Problem statement:
Omitting all pictures, retype the entries below exactly as given.

BEGIN

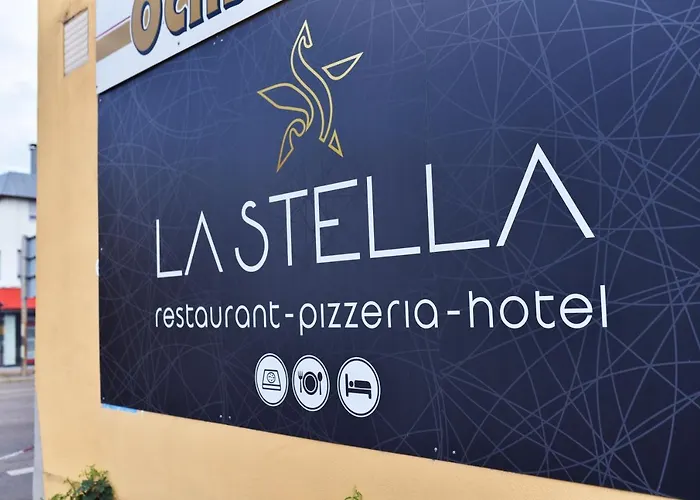 La Stella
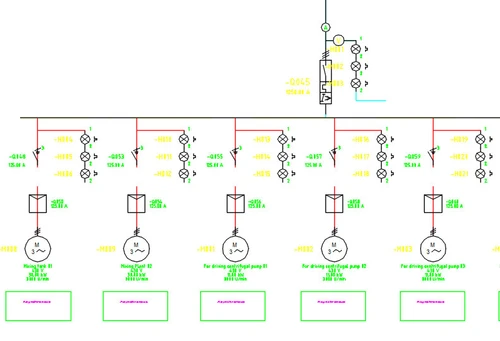 cadison-e&i-designer-wire-routing
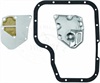 <b>FORD:</b> E9BZ -7A098A<br/><b>FRAM:</b> FT-1152<br/>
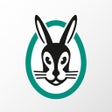 ไอคอนของโปรแกรม: myVAILLANT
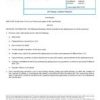 SAE AMS2419 Revision D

END

Answer box:
 La Stella
 cadison-e&i-designer-wire-routing
 <b>FORD:</b> E9BZ -7A098A<br/><b>FRAM:</b> FT-1152<br/>
 ไอคอนของโปรแกรม: myVAILLANT
 SAE AMS2419 Revision D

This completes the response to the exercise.